[Problem] The output must reproduce each line of the data word for word.

[Information shown]
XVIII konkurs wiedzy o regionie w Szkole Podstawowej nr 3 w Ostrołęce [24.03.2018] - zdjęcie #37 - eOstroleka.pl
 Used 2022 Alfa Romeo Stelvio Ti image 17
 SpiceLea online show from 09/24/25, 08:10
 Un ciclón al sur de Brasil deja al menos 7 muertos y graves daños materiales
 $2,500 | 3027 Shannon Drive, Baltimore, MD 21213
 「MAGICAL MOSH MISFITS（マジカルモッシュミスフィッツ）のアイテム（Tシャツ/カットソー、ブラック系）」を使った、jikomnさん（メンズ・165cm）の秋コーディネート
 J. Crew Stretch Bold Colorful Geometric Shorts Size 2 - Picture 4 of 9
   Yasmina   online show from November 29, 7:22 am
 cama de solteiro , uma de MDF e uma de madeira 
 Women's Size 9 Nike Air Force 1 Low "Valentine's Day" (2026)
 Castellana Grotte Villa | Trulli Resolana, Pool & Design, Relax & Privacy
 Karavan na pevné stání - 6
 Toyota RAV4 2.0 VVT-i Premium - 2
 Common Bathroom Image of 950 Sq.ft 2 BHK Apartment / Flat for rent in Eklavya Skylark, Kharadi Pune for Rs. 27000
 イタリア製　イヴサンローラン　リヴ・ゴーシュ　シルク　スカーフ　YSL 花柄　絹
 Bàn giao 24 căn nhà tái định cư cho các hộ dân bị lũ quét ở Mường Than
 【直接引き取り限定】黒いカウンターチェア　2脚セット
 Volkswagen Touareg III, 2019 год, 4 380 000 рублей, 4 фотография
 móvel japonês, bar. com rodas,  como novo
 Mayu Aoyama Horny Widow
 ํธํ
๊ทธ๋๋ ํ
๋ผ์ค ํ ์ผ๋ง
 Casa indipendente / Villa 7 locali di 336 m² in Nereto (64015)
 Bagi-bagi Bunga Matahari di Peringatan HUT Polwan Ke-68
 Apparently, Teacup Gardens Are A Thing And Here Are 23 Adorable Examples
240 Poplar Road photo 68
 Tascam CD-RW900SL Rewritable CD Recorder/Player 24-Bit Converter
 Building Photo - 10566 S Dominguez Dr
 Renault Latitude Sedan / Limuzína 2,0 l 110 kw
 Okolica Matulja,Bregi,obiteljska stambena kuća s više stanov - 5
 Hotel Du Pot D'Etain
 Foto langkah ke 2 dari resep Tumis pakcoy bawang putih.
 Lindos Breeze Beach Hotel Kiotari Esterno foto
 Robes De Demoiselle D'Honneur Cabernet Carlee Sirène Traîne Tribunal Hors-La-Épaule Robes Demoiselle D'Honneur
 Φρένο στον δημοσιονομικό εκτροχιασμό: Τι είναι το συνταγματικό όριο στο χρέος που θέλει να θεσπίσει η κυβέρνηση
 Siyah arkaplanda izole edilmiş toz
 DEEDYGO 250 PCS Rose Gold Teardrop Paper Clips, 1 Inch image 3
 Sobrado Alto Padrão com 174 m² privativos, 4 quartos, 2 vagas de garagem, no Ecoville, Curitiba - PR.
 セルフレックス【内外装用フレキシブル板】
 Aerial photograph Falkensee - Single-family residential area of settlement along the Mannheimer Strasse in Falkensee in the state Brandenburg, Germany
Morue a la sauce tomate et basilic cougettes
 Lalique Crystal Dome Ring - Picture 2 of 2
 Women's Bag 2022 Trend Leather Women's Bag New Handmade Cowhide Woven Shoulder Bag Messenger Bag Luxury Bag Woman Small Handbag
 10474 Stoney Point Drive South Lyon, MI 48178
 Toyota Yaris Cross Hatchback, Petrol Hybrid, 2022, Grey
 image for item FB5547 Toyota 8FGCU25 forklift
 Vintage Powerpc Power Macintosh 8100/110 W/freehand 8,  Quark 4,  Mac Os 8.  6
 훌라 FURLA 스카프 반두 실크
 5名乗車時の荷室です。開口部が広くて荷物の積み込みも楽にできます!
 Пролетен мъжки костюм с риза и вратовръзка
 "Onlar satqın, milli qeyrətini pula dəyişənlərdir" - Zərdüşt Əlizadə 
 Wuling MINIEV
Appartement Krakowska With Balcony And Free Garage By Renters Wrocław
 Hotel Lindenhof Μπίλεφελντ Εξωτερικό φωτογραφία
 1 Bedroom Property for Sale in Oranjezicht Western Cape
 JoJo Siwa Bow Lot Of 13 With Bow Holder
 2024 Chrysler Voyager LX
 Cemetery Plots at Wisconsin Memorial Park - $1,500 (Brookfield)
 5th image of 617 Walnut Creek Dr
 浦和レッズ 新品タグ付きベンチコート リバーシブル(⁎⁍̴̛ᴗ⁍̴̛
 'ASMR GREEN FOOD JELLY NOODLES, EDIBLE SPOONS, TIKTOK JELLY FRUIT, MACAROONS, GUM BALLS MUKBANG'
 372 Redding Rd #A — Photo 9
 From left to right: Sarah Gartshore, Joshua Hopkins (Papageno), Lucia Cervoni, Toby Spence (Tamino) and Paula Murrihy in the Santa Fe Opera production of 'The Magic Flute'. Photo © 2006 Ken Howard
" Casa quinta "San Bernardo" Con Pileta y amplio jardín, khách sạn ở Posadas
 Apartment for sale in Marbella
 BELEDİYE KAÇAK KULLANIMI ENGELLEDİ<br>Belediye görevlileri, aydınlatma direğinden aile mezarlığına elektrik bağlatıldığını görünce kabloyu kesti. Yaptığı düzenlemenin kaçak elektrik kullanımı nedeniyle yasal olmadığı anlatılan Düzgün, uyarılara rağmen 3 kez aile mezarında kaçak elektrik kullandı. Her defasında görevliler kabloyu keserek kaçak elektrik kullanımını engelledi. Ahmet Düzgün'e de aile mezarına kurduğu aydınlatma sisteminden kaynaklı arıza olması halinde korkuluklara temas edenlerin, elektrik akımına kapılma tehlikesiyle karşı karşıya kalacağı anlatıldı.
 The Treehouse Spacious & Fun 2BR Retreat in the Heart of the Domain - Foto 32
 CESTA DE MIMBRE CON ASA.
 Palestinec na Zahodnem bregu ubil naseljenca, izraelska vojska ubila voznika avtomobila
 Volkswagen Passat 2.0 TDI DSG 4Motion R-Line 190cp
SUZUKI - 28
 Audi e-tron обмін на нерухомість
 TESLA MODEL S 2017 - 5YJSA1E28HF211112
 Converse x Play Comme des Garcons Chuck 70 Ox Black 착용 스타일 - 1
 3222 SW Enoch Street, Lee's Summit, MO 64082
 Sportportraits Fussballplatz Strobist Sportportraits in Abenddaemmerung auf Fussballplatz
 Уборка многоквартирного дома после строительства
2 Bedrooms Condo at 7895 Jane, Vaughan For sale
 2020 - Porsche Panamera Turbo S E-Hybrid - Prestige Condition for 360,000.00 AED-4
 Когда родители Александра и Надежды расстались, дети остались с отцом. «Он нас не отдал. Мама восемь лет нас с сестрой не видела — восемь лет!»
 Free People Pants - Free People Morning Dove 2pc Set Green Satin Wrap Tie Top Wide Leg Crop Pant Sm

[Expected answer]
XVIII konkurs wiedzy o regionie w Szkole Podstawowej nr 3 w Ostrołęce [24.03.2018] - zdjęcie #37 - eOstroleka.pl
 Used 2022 Alfa Romeo Stelvio Ti image 17
 SpiceLea online show from 09/24/25, 08:10
 Un ciclón al sur de Brasil deja al menos 7 muertos y graves daños materiales
 $2,500 | 3027 Shannon Drive, Baltimore, MD 21213
 「MAGICAL MOSH MISFITS（マジカルモッシュミスフィッツ）のアイテム（Tシャツ/カットソー、ブラック系）」を使った、jikomnさん（メンズ・165cm）の秋コーディネート
 J. Crew Stretch Bold Colorful Geometric Shorts Size 2 - Picture 4 of 9
   Yasmina   online show from November 29, 7:22 am
 cama de solteiro , uma de MDF e uma de madeira 
 Women's Size 9 Nike Air Force 1 Low "Valentine's Day" (2026)
 Castellana Grotte Villa | Trulli Resolana, Pool & Design, Relax & Privacy
 Karavan na pevné stání - 6
 Toyota RAV4 2.0 VVT-i Premium - 2
 Common Bathroom Image of 950 Sq.ft 2 BHK Apartment / Flat for rent in Eklavya Skylark, Kharadi Pune for Rs. 27000
 イタリア製　イヴサンローラン　リヴ・ゴーシュ　シルク　スカーフ　YSL 花柄　絹
 Bàn giao 24 căn nhà tái định cư cho các hộ dân bị lũ quét ở Mường Than
 【直接引き取り限定】黒いカウンターチェア　2脚セット
 Volkswagen Touareg III, 2019 год, 4 380 000 рублей, 4 фотография
 móvel japonês, bar. com rodas,  como novo
 Mayu Aoyama Horny Widow
 ํธํ
๊ทธ๋๋ ํ
๋ผ์ค ํ ์ผ๋ง
 Casa indipendente / Villa 7 locali di 336 m² in Nereto (64015)
 Bagi-bagi Bunga Matahari di Peringatan HUT Polwan Ke-68
 Apparently, Teacup Gardens Are A Thing And Here Are 23 Adorable Examples
240 Poplar Road photo 68
 Tascam CD-RW900SL Rewritable CD Recorder/Player 24-Bit Converter
 Building Photo - 10566 S Dominguez Dr
 Renault Latitude Sedan / Limuzína 2,0 l 110 kw
 Okolica Matulja,Bregi,obiteljska stambena kuća s više stanov - 5
 Hotel Du Pot D'Etain
 Foto langkah ke 2 dari resep Tumis pakcoy bawang putih.
 Lindos Breeze Beach Hotel Kiotari Esterno foto
 Robes De Demoiselle D'Honneur Cabernet Carlee Sirène Traîne Tribunal Hors-La-Épaule Robes Demoiselle D'Honneur
 Φρένο στον δημοσιονομικό εκτροχιασμό: Τι είναι το συνταγματικό όριο στο χρέος που θέλει να θεσπίσει η κυβέρνηση
 Siyah arkaplanda izole edilmiş toz
 DEEDYGO 250 PCS Rose Gold Teardrop Paper Clips, 1 Inch image 3
 Sobrado Alto Padrão com 174 m² privativos, 4 quartos, 2 vagas de garagem, no Ecoville, Curitiba - PR.
 セルフレックス【内外装用フレキシブル板】
 Aerial photograph Falkensee - Single-family residential area of settlement along the Mannheimer Strasse in Falkensee in the state Brandenburg, Germany
Morue a la sauce tomate et basilic cougettes
 Lalique Crystal Dome Ring - Picture 2 of 2
 Women's Bag 2022 Trend Leather Women's Bag New Handmade Cowhide Woven Shoulder Bag Messenger Bag Luxury Bag Woman Small Handbag
 10474 Stoney Point Drive South Lyon, MI 48178
 Toyota Yaris Cross Hatchback, Petrol Hybrid, 2022, Grey
 image for item FB5547 Toyota 8FGCU25 forklift
 Vintage Powerpc Power Macintosh 8100/110 W/freehand 8,  Quark 4,  Mac Os 8.  6
 훌라 FURLA 스카프 반두 실크
 5名乗車時の荷室です。開口部が広くて荷物の積み込みも楽にできます!
 Пролетен мъжки костюм с риза и вратовръзка
 "Onlar satqın, milli qeyrətini pula dəyişənlərdir" - Zərdüşt Əlizadə 
 Wuling MINIEV
Appartement Krakowska With Balcony And Free Garage By Renters Wrocław
 Hotel Lindenhof Μπίλεφελντ Εξωτερικό φωτογραφία
 1 Bedroom Property for Sale in Oranjezicht Western Cape
 JoJo Siwa Bow Lot Of 13 With Bow Holder
 2024 Chrysler Voyager LX
 Cemetery Plots at Wisconsin Memorial Park - $1,500 (Brookfield)
 5th image of 617 Walnut Creek Dr
 浦和レッズ 新品タグ付きベンチコート リバーシブル(⁎⁍̴̛ᴗ⁍̴̛
 'ASMR GREEN FOOD JELLY NOODLES, EDIBLE SPOONS, TIKTOK JELLY FRUIT, MACAROONS, GUM BALLS MUKBANG'
 372 Redding Rd #A — Photo 9
 From left to right: Sarah Gartshore, Joshua Hopkins (Papageno), Lucia Cervoni, Toby Spence (Tamino) and Paula Murrihy in the Santa Fe Opera production of 'The Magic Flute'. Photo © 2006 Ken Howard
" Casa quinta "San Bernardo" Con Pileta y amplio jardín, khách sạn ở Posadas
 Apartment for sale in Marbella
 BELEDİYE KAÇAK KULLANIMI ENGELLEDİ<br>Belediye görevlileri, aydınlatma direğinden aile mezarlığına elektrik bağlatıldığını görünce kabloyu kesti. Yaptığı düzenlemenin kaçak elektrik kullanımı nedeniyle yasal olmadığı anlatılan Düzgün, uyarılara rağmen 3 kez aile mezarında kaçak elektrik kullandı. Her defasında görevliler kabloyu keserek kaçak elektrik kullanımını engelledi. Ahmet Düzgün'e de aile mezarına kurduğu aydınlatma sisteminden kaynaklı arıza olması halinde korkuluklara temas edenlerin, elektrik akımına kapılma tehlikesiyle karşı karşıya kalacağı anlatıldı.
 The Treehouse Spacious & Fun 2BR Retreat in the Heart of the Domain - Foto 32
 CESTA DE MIMBRE CON ASA.
 Palestinec na Zahodnem bregu ubil naseljenca, izraelska vojska ubila voznika avtomobila
 Volkswagen Passat 2.0 TDI DSG 4Motion R-Line 190cp
SUZUKI - 28
 Audi e-tron обмін на нерухомість
 TESLA MODEL S 2017 - 5YJSA1E28HF211112
 Converse x Play Comme des Garcons Chuck 70 Ox Black 착용 스타일 - 1
 3222 SW Enoch Street, Lee's Summit, MO 64082
 Sportportraits Fussballplatz Strobist Sportportraits in Abenddaemmerung auf Fussballplatz
 Уборка многоквартирного дома после строительства
2 Bedrooms Condo at 7895 Jane, Vaughan For sale
 2020 - Porsche Panamera Turbo S E-Hybrid - Prestige Condition for 360,000.00 AED-4
 Когда родители Александра и Надежды расстались, дети остались с отцом. «Он нас не отдал. Мама восемь лет нас с сестрой не видела — восемь лет!»
 Free People Pants - Free People Morning Dove 2pc Set Green Satin Wrap Tie Top Wide Leg Crop Pant Sm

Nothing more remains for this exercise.